Suggestion: Ability to change beta 1, beta 2, and weight decay in an advanced training option

aria1th / Hypernetwork-MonkeyPatch-Extension

Extension that patches Hypernetwork structures and training

116 stars 10 forks source link

Suggestion: Ability to change beta 1, beta 2, and weight decay in an advanced training option #11

Closed Heathen closed 1 year ago

Heathen commented 1 year ago

Right now the only way to change those is by editing the .py file, would be nice to have them in the UI.

aria1th commented 1 year ago

Can you explain it more specific? (what is beta 1, beta 2? ) For weight decay, I guess its AdamW's weight decay parameter? I'll do it soon, I'm just being too distracted due to windows update blowing up my whole progress... Please suggest features freely, but more detailed stuff will be helpful.

Heathen commented 1 year ago

Sure, here's the documentation: https://pytorch.org/docs/stable/generated/torch.optim.AdamW.html

class torch.optim.AdamW(params, lr=0.001, betas=(0.9, 0.999), eps=1e-08, weight_decay=0.01, amsgrad=False, *, maximize=False, foreach=None, capturable=False)

Betas are the momentum moderators while weight decay moves every weight in the neural network towards zero every step.

I've been training with weight_decay=0.1 and it's a lot more efficient. Personally I only change weight decay, but a few people in the automatic git are changing beta as well.

aria1th commented 1 year ago

I added in option, https://github.com/aria1th/Hypernetwork-MonkeyPatch-Extension/commit/08e2bf683d7c9cd26baf394fcdc917bf5155e2c3

Note that I'm not sure if loading optimizer state applies hyperparameters as well, so keep in mind. At least hyperparamters are applied first, then optimizer is loaded, so it could be overwritten(probably).

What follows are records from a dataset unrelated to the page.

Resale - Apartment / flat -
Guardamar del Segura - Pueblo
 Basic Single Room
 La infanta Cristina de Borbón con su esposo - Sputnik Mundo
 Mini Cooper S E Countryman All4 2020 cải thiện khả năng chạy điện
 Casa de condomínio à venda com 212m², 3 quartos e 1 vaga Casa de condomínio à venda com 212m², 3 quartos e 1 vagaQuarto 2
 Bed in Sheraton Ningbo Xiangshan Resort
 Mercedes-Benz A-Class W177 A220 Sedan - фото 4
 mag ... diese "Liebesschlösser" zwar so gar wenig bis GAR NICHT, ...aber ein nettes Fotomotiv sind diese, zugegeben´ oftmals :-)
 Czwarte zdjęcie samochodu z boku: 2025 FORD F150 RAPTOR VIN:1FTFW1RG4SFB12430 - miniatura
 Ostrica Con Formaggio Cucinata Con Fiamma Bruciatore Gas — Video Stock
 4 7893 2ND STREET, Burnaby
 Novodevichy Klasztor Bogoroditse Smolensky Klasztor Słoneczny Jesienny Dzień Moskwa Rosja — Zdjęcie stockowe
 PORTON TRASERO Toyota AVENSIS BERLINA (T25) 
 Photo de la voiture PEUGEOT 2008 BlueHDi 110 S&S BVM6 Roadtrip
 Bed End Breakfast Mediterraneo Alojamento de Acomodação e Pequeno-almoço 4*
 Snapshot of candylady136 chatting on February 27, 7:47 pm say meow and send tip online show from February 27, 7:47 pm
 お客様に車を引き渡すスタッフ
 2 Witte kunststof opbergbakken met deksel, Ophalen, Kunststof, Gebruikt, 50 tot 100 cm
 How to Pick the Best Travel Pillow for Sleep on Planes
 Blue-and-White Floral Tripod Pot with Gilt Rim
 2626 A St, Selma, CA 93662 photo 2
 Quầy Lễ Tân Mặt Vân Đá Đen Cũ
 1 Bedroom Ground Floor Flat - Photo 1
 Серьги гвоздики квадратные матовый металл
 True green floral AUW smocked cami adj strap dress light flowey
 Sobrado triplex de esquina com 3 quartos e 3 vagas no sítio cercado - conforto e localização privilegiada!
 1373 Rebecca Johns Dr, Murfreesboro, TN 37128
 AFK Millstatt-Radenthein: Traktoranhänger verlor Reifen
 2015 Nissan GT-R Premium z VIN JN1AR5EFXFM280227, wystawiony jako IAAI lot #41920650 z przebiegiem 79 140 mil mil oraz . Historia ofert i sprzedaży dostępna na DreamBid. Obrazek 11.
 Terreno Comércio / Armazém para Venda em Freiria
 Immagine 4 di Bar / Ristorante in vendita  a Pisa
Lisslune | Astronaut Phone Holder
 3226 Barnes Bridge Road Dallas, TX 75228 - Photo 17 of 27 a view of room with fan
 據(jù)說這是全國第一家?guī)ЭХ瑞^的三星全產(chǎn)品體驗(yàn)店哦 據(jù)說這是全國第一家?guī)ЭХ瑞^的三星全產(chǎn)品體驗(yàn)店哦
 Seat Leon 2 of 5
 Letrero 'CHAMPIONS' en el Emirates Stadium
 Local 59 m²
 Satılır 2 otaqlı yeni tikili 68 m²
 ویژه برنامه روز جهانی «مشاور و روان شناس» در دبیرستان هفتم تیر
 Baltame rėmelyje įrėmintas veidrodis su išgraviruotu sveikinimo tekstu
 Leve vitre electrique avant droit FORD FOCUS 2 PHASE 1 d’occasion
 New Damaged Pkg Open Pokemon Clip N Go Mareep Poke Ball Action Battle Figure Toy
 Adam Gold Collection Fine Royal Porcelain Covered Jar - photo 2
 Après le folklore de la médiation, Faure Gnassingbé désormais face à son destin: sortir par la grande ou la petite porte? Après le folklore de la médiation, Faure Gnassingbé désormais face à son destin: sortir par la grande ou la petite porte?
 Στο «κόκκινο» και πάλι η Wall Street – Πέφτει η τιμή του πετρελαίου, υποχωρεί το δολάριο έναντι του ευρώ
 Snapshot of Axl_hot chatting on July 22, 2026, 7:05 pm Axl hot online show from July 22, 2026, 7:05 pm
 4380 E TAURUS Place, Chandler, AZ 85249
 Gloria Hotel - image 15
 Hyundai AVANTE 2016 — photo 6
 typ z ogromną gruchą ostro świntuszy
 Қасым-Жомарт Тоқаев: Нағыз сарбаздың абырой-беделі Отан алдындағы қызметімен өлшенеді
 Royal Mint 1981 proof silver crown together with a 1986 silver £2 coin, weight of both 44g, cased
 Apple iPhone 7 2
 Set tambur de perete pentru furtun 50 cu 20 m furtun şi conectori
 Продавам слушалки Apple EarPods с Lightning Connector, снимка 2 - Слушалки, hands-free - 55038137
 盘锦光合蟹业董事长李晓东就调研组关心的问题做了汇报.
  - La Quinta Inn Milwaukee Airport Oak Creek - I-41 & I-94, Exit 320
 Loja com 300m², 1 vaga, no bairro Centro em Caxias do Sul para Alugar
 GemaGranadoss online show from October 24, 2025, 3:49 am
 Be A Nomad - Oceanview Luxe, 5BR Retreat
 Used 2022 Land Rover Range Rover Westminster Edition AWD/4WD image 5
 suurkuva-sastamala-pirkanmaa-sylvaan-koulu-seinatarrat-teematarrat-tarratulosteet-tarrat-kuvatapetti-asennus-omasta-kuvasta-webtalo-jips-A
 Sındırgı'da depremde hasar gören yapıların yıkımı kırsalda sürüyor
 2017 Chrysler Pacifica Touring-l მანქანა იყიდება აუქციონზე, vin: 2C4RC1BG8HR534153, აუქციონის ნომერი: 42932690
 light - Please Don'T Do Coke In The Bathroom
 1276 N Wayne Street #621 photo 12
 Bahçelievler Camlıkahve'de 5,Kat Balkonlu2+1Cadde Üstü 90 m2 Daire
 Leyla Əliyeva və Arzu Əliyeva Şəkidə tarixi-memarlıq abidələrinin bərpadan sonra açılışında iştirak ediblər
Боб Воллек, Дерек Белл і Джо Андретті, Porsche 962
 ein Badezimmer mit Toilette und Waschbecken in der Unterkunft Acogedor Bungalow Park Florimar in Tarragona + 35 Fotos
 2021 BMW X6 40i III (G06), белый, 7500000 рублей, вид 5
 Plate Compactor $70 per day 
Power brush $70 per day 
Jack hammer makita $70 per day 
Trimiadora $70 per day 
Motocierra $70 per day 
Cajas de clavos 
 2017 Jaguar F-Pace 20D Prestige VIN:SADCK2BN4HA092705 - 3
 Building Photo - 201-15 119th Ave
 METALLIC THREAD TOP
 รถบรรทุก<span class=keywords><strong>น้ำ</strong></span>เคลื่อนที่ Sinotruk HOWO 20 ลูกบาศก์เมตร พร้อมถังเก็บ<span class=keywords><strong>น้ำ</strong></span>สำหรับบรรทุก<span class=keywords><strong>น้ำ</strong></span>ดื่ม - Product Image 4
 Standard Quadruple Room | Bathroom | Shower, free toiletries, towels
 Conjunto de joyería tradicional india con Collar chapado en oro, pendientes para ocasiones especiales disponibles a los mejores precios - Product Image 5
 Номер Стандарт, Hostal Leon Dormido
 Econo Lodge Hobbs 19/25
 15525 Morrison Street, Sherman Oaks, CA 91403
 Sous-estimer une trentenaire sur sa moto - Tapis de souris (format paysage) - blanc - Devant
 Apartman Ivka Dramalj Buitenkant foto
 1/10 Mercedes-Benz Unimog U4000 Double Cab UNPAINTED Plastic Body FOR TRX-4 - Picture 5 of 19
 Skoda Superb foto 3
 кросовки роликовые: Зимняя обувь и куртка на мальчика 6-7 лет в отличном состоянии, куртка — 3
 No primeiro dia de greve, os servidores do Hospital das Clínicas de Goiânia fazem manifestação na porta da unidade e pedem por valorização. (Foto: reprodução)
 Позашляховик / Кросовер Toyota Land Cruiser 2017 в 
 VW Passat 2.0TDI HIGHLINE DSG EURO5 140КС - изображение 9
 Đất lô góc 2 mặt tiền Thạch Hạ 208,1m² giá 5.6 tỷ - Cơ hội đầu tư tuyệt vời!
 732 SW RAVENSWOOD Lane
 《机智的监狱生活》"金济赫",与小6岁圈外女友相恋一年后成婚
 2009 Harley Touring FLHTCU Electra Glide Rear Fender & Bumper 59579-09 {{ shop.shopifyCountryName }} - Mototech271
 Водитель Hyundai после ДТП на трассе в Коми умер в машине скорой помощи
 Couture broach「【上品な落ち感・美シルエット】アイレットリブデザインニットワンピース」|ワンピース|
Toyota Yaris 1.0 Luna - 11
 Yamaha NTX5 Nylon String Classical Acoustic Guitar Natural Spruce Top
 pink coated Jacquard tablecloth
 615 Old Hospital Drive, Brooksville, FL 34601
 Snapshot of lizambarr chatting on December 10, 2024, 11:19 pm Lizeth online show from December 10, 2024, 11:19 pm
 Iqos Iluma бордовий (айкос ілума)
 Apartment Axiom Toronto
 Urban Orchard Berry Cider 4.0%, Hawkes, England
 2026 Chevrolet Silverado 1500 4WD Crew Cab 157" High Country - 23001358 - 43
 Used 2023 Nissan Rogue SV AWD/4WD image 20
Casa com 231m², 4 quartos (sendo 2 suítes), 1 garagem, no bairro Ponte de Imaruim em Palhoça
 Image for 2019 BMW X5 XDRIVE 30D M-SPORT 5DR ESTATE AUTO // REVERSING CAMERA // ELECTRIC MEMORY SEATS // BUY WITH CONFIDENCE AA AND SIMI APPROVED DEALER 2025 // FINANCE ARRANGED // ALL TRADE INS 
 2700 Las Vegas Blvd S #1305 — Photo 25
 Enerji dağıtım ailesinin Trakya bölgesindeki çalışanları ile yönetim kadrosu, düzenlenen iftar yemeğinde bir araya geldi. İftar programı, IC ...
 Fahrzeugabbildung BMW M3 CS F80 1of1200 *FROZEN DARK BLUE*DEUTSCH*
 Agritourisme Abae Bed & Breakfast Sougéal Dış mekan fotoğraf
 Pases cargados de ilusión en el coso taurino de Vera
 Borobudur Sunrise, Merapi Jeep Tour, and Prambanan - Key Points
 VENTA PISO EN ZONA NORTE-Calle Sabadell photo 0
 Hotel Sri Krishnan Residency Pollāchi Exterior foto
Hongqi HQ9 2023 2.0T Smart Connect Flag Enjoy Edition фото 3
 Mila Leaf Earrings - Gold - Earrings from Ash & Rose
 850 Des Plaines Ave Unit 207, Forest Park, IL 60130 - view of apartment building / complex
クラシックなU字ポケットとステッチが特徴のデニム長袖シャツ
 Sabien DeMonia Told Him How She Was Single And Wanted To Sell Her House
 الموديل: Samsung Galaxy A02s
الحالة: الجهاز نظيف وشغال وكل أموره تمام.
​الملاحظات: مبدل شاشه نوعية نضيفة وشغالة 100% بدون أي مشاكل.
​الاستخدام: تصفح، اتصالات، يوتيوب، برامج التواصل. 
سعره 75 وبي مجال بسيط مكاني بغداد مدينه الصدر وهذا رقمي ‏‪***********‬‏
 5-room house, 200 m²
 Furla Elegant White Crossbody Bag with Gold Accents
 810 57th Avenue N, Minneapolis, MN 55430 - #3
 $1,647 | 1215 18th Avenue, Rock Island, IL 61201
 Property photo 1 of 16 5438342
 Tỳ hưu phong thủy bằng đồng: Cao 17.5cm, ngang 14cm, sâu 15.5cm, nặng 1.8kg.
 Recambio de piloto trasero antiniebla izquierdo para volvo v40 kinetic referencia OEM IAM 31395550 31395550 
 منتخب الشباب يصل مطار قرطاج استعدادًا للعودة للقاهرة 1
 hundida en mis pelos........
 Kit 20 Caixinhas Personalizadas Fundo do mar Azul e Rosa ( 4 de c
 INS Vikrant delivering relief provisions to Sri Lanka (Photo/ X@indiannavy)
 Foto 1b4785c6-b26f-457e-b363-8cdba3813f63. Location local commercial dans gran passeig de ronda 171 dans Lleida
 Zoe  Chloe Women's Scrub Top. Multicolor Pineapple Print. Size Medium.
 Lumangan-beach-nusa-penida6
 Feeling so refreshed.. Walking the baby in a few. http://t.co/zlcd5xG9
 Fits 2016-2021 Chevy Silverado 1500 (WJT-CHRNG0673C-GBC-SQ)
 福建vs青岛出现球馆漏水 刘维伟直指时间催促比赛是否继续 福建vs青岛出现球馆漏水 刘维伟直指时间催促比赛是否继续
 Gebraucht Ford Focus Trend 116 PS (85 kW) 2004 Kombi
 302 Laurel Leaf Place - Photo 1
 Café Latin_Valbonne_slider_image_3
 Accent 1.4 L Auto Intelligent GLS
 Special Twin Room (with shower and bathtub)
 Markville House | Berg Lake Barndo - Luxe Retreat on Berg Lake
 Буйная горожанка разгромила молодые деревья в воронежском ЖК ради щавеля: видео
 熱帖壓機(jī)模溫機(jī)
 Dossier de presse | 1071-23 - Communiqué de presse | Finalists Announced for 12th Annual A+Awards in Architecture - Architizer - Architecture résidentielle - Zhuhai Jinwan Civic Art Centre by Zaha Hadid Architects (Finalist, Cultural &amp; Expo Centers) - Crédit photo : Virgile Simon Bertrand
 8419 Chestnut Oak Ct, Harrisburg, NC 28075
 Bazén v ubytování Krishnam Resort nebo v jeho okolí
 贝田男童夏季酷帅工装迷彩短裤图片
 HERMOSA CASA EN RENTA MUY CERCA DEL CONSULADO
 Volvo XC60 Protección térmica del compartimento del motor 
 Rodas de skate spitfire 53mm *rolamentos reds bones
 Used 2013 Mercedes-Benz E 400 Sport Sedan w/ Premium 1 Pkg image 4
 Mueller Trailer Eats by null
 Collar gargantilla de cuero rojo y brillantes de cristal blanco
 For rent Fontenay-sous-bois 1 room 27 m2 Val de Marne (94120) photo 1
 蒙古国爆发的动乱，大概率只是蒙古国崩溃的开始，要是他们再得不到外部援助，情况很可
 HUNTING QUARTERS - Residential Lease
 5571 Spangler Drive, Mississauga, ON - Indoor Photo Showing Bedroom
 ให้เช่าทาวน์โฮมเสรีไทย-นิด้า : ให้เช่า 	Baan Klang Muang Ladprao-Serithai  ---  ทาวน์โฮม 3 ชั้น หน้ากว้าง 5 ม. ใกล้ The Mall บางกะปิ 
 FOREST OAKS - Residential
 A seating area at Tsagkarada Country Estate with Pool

Heathen commented 1 year ago

Tested and it is working, but also, you might want to let people use values higher than 1 for weight decay. Some people are using up to 200 in it. As your weights moving towards zero isn't bad in a hypernetwork, it becomes a pass-through for the original model.

Training with really high weight decay forces the hypernetwork to maintain the original model's composition and subject, while only learning to make changes based on the training images. It's extremely good for style change without content changes.

Realistic, the maximum value should be 1/Learning rate as the weight decay step is 1-LR*WD*dW, dW being the delta of weight during this step + all the momentum shenanigans. As long as that value doesn't reach zero, it is fine.

Easier to limit it to 500 or so.

aria1th commented 1 year ago

Well I don't see weight decay being used over 1 in residual networks, which sometimes tests itself to converge to identity layer, so it might be unsafe... but I'll leave it to users.

Heathen commented 1 year ago

Someone was using 1e20 for weight decay and somehow it worked.

Anyway, LR 5e-4, WD 2.0, 57 gradients (full image set), 74 steps/epochs (same thing in this case), about 40 minutes of training time Untitled Untitled2

Easy style transfer. :>

To retain even more of the original composition, gotta use WD even higher, 10 or 20.

Heathen commented 1 year ago

Tested with even higher values, everything seems to be working well, thanks!